The old David Lee Roth tune comes to mind this morning, yet it is antithetical to how I’m feeling since Thursday’s Remicade infusion.
This visit ended with a twist of sorts as my hips were injected with steroids in an effort to curb some of the pain. Instead, at least for now, they are stiff and achy; it is reminiscent of having to chisel and pry and hammer a worn out strut. (I am no mechanic, so any repair I make involves pry bars and hissy fits.
As soon as I complete my shift at work, I’ll be back in bed like the past couple of days. This is only a bonus from my typical searing pain in my lower spine. My upper spine feels like it has been contorted by a gorilla. I think farmers give their sick horses better treatment when they lead them out to a pasture, gun in hand. And no, I’m not implying anything as I’m against euthanasia. I’m not above whining, though.
I’ve been feeling pretty horrible the past six weeks or so. I have had my share of hiding in the bedroom. I’m just frustrated today.
(Cue DLR) — THIS MUST BE JUST LIKE LIVING IN PARADISE.
My first Remicade infusion was April 20. My second was May 7. I’m taunted by short bouts of relief. I’m aware that it can take three months to begin to enjoy the effects, but when you are in the middle of a flare up, you can’t even see thirty minutes into your future. You can’t see beyond the pain.
At times it feels like my lower spine was smashed with a framing hammer. My hips don’t feel much better. At least I’m reminded of my disease because too many days of relative comfort make the pain fade into a fog where you can’t quite grasp the enormity of the crushing torment. That is perhaps the greatest gift. Those are the days where I’m completely disconnected from my illness because I can’t quite remember how crippling it feels. The memories rush back as you stagger like Frankenstein, though.

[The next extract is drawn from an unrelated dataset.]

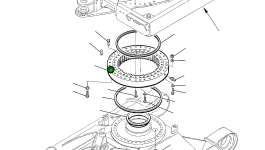 Палец 21D-09-84420 Komatsu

It feels like I made a mistake when I made the leap from Humira to Remicade. Humira works for me, but I dared to try something new to see if I could feel more normal. I’m drifting in agony and my dad decides to text me about my sister. About some sort of reconciliation. I’ve played that game before and boundaries are more important than dealing with something hopeless. Don’t get me wrong. I wish her the best, but we have never been close. We are strangers linked by blood. After you sift the details, we are still strangers.
I rattled off a laundry list of what I endure daily, and to look at it, it is rather depressing. I told him that I haven’t had a pain-free day in almost six years. I told him I have days where I don’t know how to survive another thirty minutes, so if God grants me another thirty years, that is 262,800 more hours of desolation. Sure, some days are better than others, but the pain always lingers. It prowls waiting to consume me. And I’m devoured moment by moment.
I don’t think he ever considered my problems. He just wants to repair a dysfunctional family before he dies. Good for him. He just needs to pick a new family on which to focus his efforts. (I hope that last sentence was properly structured. I was thinking of grammar nazis and prepositions. If not, I really don’t care as I think an alien is erupting from my spine right now).
When I wake up in the morning, my focus will be counting the hours until I can go back to sleep. An Ambien induced slumber that allows me an unconscious respite. My little slice of heaven.